再生紙偽装問題で世間を騒がせた製紙業界に、新たな問題が浮上していることが本誌の取材でわかった。環境に配慮していない原料を購入している可能性が出てきたほか、一部の印刷用紙について第二の表示偽装とも取れる問題が明らかになった。そこに共通するのは、相変わらずのコンプライアンス意識の希薄さである。

 4月末、日本製紙、王子製紙など複数の国内製紙会社の環境認証担当者のあいだに激震が走った。森林の環境認証団体であるFSC(森林管理協議会)が、主要原料調達先であるオーストラリア・ガンズ社の木材チップを7月21日以降はFSC認証紙に混ぜてはならないとの勧告を出したのだ。

 FSCは日本で最も普及している森林認証。違法伐採の排除、環境保全や持続可能な森林管理を義務づけている。この認証がある製品は「環境に優しい」という錦の御旗を掲げることができるため、購入する側のインセンティブにもつながる。身近なところではセブン―イレブンのコピー用紙がすべてFSC認証紙だ。
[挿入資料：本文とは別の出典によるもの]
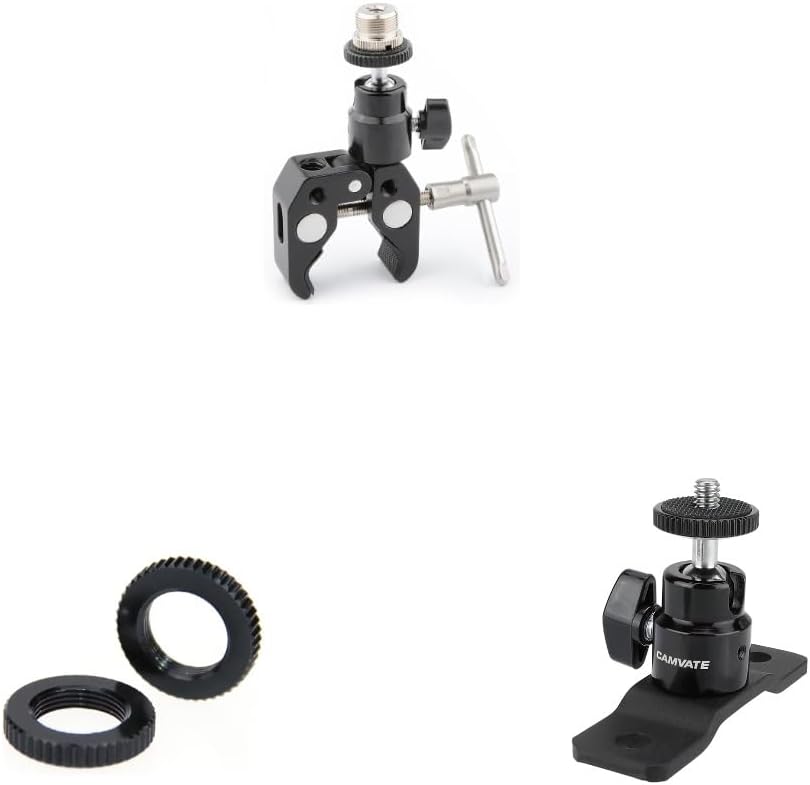 CAMVATE Crab Clamp Articulated 1/4 Mini Ball Head + 1/4"-20 Ball Head with Bottom Mount + 5/8"-27 Dual Lock Nuts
 今回の勧告の影響は決して小さくない。日本が輸入している広葉樹チップのうち、ガンズ社のチップが1割強を占め、FSC認証紙の原料に関しては、そうとうな割合を占めているとされるからだ。現に製紙会社側からは「FSC製品は約3割減少する」(王子製紙)、「生産量は限定される」(大王製紙)と悲鳴が上がっており、昨今、普及しつつあったFSC認証紙は、大幅な減産に見舞われることになりかねない。

 もっとも、製紙会社側の対応を見ると脇が甘かったといえなくもない。

 今回の勧告の背景には、ガンズ社のチップが、適切に管理された植林から作られているか確認できていないためといわれている。ガンズ社は、貴重な原生林が多数存在する島であるタスマニアを地盤とする木材会社であり、環境団体のレインフォレスト・アクション・ネットワーク日本代表部の川上豊幸氏は「ガンズ社によって保護価値の高い原生林が伐採されていると以前から主張してきた。ここにきてようやくFSCに理解された可能性がある」と解説する。

 実際、2006年にオーストラリア連邦裁判所は、ウィーランタ州有林でのガンズ社による伐採事業がオナガイヌワシなどの絶滅危惧種に重大な影響を与えているとして、環境保護法違反であるとの判決を下している(上訴中)。もともとリスクはゼロでなかったのだ。